The most recent blog suggesting that presidential candidate Ted Cruz exhibits evidence of being “leadership challenged,” (Click Here to Read) provoked a virtual hornet’s nest of acrimonious comments from zealous Cruz believers. There were no specific counterpoints offered to refute the charge that Cruz displayed elements of leadership weakness, but the Cruzites did suggest that the blog was poorly written, illogical and that I was not qualified to write about leadership. In short, the Cruz protectors had a knee-jerk reaction that the blog was simply a “hatchet-job” on Cruz. (Makes me wonder where these Cruzites were when I wrote about President Obama’s weaknesses in leadership.)
What the Cruz defenders failed to notice was that at no point did the blog criticize any of his policies or positions on issues. What the blog did take issue with was his style of leadership. The only suggestion was that the “culture of leadership” Cruz was creating is inconsistent with effective leadership and that this could lead to his failure to achieve his stated policies and goals.
The purpose of the blog was to offer a real-life learning experience for those who do seek to become successful leaders; not as an attack on Cruz policies. If the Cruz supporters lacked the intellectual capacity to perceive this, I apologize to them for writing over their heads.
After over 40 years as a senior executive and successful entrepreneur I feel both the right and obligation to pass on what has been experienced and learned about leadership. I am not suggesting that what I did and learned was right, only that others can learn from it. My belief has always been that the best way to learn about leadership – good or bad – is to observe it in real-life. This has been a consistent approach in the hundreds of blogs, as well as the four books, I have written over the past dozen years.
The Leadership of Donald Trump
With that in mind, let’s move on to what may be an even more cogent lesson in effective leadership – or lack thereof – demonstrated by Trump.
For transparency purposes I have to disclose a certain amount of affinity with Trump’s effort to disrupt the calcified status quo of the Republican establishment.

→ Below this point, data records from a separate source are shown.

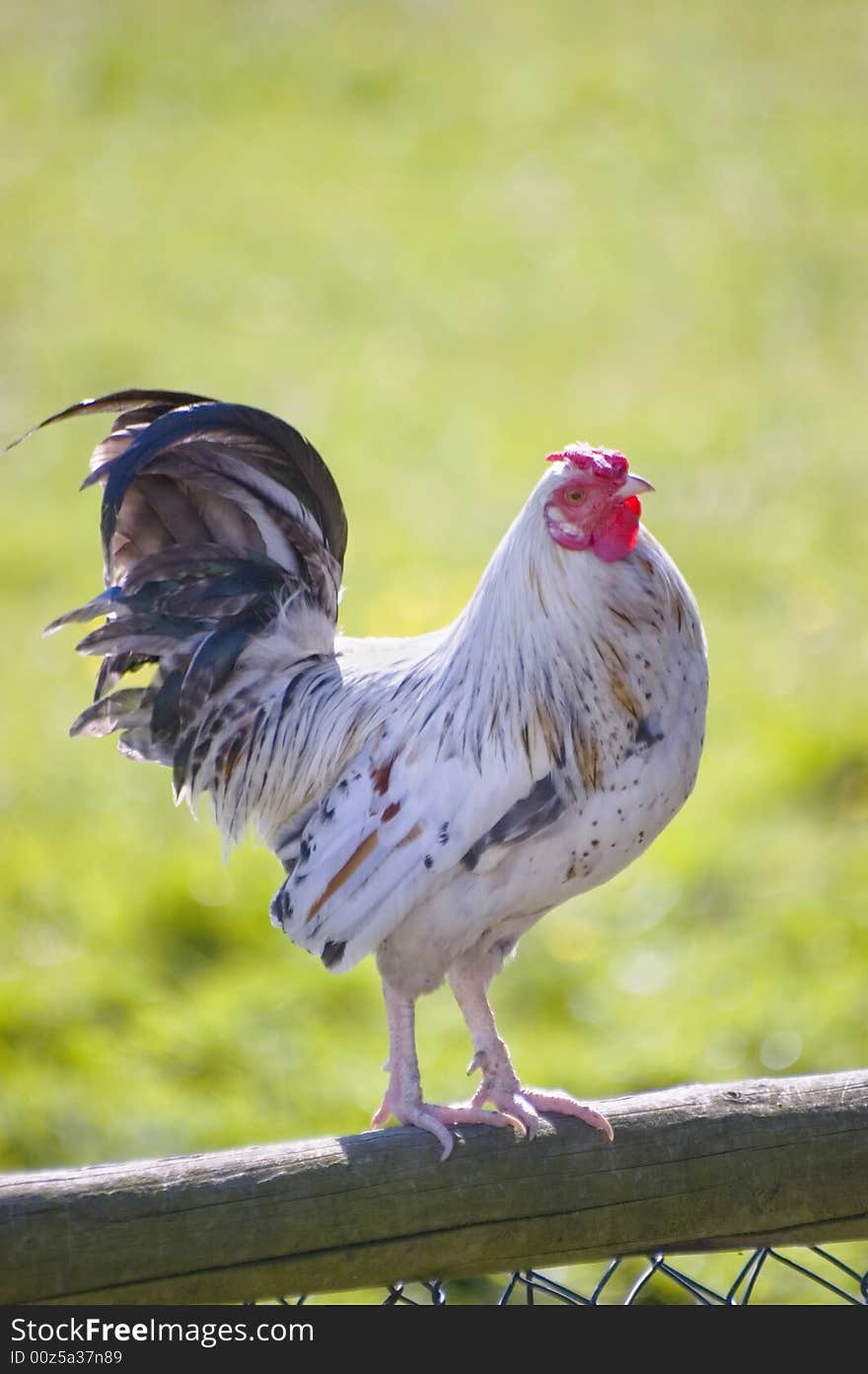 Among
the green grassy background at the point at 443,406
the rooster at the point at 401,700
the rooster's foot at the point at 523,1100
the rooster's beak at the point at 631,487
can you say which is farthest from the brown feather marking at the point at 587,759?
the green grassy background at the point at 443,406

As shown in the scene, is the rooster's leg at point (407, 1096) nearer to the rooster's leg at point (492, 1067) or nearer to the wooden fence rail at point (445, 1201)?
the rooster's leg at point (492, 1067)

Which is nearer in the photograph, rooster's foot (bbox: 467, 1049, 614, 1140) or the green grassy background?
rooster's foot (bbox: 467, 1049, 614, 1140)

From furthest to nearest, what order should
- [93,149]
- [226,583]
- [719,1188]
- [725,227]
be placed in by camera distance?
[93,149]
[725,227]
[226,583]
[719,1188]

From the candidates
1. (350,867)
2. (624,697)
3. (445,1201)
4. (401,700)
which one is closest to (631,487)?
(624,697)

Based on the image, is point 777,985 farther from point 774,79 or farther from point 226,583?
point 774,79

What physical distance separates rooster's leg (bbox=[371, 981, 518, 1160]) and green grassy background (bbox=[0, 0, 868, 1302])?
2477 mm

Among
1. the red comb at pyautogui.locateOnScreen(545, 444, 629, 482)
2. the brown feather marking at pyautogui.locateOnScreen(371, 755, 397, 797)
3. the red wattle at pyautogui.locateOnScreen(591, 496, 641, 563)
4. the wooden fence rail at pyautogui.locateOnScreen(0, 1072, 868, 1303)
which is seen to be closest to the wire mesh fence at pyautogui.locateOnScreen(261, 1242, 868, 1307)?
the brown feather marking at pyautogui.locateOnScreen(371, 755, 397, 797)

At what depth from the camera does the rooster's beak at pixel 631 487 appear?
2.95 metres

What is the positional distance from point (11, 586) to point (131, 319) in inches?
132

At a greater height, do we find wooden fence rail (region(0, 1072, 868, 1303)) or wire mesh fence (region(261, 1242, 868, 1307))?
wire mesh fence (region(261, 1242, 868, 1307))

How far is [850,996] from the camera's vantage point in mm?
5930

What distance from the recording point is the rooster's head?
9.68 ft

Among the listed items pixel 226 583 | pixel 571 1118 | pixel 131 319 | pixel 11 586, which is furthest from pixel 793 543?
pixel 571 1118

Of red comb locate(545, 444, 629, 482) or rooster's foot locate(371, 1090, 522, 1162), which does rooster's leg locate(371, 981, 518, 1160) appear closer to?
rooster's foot locate(371, 1090, 522, 1162) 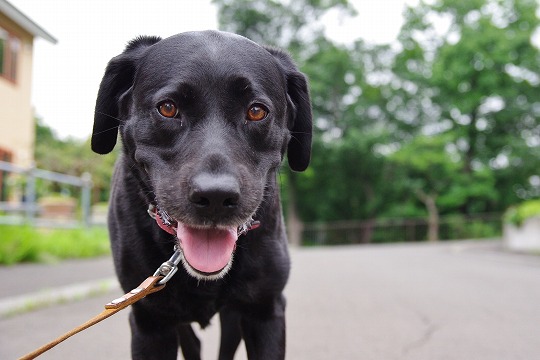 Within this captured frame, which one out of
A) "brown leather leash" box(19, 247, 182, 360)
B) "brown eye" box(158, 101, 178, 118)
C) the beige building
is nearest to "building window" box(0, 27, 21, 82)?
the beige building

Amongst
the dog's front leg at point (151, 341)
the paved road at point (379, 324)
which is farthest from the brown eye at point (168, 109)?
the paved road at point (379, 324)

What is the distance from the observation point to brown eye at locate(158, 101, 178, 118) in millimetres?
2275

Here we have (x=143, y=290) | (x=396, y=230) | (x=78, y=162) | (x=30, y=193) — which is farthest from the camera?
(x=396, y=230)

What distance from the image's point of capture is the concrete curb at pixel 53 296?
16.5ft

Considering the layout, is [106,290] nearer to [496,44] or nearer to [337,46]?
[337,46]

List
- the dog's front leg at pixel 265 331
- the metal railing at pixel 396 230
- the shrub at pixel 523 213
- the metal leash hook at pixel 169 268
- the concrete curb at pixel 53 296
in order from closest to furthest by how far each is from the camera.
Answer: the metal leash hook at pixel 169 268 → the dog's front leg at pixel 265 331 → the concrete curb at pixel 53 296 → the shrub at pixel 523 213 → the metal railing at pixel 396 230

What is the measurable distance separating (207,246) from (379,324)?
3.00m

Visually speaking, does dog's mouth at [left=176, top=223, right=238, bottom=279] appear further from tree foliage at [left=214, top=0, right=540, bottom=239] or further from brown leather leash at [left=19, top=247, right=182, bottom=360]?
tree foliage at [left=214, top=0, right=540, bottom=239]

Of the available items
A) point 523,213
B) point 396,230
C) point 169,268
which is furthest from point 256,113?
point 396,230

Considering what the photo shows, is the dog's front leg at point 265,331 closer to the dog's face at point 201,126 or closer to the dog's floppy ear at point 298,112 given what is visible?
the dog's face at point 201,126

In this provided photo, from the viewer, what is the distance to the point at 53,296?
566 cm

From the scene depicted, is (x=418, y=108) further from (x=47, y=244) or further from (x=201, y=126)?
(x=201, y=126)

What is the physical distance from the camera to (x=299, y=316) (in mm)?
5160

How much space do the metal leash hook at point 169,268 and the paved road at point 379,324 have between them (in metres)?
1.60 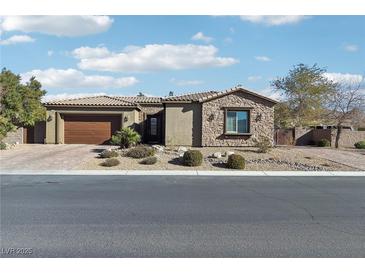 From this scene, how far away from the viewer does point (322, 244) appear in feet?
23.4

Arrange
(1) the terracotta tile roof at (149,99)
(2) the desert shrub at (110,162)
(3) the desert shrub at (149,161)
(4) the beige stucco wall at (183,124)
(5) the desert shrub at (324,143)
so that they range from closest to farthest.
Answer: (2) the desert shrub at (110,162) → (3) the desert shrub at (149,161) → (1) the terracotta tile roof at (149,99) → (4) the beige stucco wall at (183,124) → (5) the desert shrub at (324,143)

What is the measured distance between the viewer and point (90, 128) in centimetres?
3225

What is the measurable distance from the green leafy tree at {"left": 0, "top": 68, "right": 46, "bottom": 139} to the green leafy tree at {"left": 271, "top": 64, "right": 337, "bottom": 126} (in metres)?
22.4

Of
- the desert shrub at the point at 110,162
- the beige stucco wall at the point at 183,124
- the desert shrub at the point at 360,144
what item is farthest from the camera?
the desert shrub at the point at 360,144

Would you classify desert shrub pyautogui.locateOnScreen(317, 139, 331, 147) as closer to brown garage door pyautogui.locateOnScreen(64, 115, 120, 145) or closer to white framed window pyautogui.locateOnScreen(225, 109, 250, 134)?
white framed window pyautogui.locateOnScreen(225, 109, 250, 134)

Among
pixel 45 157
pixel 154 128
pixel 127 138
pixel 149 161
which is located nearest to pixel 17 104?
pixel 45 157

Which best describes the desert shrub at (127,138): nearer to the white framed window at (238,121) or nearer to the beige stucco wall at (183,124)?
the beige stucco wall at (183,124)

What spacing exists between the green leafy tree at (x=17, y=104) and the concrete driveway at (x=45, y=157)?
78.6 inches

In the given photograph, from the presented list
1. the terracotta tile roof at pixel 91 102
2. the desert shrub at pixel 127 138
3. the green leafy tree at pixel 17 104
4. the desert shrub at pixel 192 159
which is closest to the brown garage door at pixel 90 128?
the terracotta tile roof at pixel 91 102

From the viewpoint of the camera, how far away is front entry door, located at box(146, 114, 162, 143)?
1364 inches

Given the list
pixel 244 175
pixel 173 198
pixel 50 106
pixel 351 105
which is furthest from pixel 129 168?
pixel 351 105

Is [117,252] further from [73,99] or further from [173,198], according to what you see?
[73,99]

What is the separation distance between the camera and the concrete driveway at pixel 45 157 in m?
21.3

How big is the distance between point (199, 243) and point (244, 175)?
12.3m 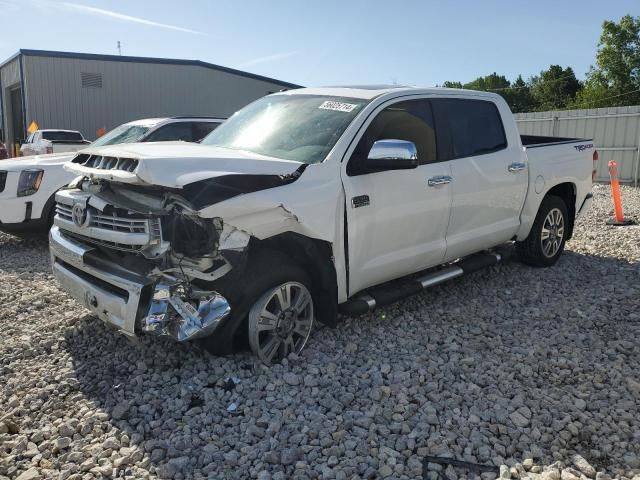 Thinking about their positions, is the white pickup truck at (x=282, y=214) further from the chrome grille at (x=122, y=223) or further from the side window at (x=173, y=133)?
the side window at (x=173, y=133)

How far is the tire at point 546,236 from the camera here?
20.3 feet

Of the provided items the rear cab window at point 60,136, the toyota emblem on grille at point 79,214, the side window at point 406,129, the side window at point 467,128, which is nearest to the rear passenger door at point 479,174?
the side window at point 467,128

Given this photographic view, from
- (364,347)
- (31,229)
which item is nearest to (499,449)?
(364,347)

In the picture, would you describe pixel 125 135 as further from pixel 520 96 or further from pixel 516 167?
pixel 520 96

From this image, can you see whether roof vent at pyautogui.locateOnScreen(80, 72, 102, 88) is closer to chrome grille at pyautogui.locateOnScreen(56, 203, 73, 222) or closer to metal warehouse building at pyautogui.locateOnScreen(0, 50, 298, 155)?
metal warehouse building at pyautogui.locateOnScreen(0, 50, 298, 155)

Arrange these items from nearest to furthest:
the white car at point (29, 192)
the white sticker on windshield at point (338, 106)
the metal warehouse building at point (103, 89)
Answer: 1. the white sticker on windshield at point (338, 106)
2. the white car at point (29, 192)
3. the metal warehouse building at point (103, 89)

After all, I took the same approach against the even more entrenched status quo of the insurance establishment. I can relate to the attacks on Trump, because there were efforts to drum me out of the insurance industry and I was once referred to as the “anti-Christ” of the insurance industry. (If you want the details, you can go to Amazon and purchase my book – CHEAT TO WIN – The honest way to break all the dishonest rules in business.)
I may not agree with Trump’s personal style of business leadership, but it is hard to argue with his success. However, I stridently disagree with the leadership style he exhibits in his run for the Republican nomination. Even if he is successful in attaining the nomination and then winning the general election, it is a flawed approach to leadership that will doom him – and maybe the country – to failure. But it does offer a lesson to learn by anyone who seeks success as a leader.
The Fatal Flaw in Trump’s Leadership
One can be uncomfortable with Trump’s bombastic public persona in the campaign, because he can be demeaning, uncouth and in some cases even vulgar, but give him credit, it is this approach that has exposed the intransigence and obstinacy of the establishment and vaulted him into the lead for the nomination. No doubt, if Trump “played nice” by the rules of the Republican establishment, he would be long gone from the race. Trump has forced the Republican Party and the other candidates to face issues they just as soon would have wanted left dormant.
What I do disagree with and what is a great lesson in leadership to learn is the style of leadership Trump is espousing. The crucible of Trump’s leadership is that of a “cult of personality.” In short, Trump makes it all about Trump. You may recall videos of a few recent Trump meetings where he asks those in attendance to “raise their right hands and pledge their support to him.” Real leaders pledge their support to the followers, not the other way around. When Trump was asked who he looks to for advice and counsel, his answer was in essence, “Me, Myself and I.” Certainly leaders must be confident in their ability to lead, but they should never fall prey to the mentality that their way is the only way. Trump talks about the big things “he will do,” as if he has some divine power that will enable him to “make it happen.” This is probably the absolute worst trait a leader can display to followers.
The real weakness of leadership based simply on the strength of personality that Trump practices is that it raises false expectations of easy success and disempowers followers to participate in achieving the goal. When it is all about the leader, followers are given the impression that all they have to do is sit back and enjoy the ride as the leader leads them to salvation. This in turn sows the seeds for disappointment, dissatisfaction and disillusion when the leader’s lack of divine power is exposed. Leadership based on a cult of personality ultimately leaves the leader stranded alone on a deserted island, with the water rising rapidly.
Real Leadership is About Them Not You
To achieve long term effectiveness and success, leaders have to give followers a reason to follow; and it can’t be just about the leader. Effective leaders focus the attention on the followers and what the leader will do to support their effort to achieve a group goal. The true leader is a facilitator who motivates and empowers others to do the things that need to be done to achieve the objective.
To paraphrase John Kennedy, leadership is not about what people can do for the leader, but what the leader can do for the people. This is not a leadership lesson that Trump has learned, but it is one that you should if you want to be an effective leader.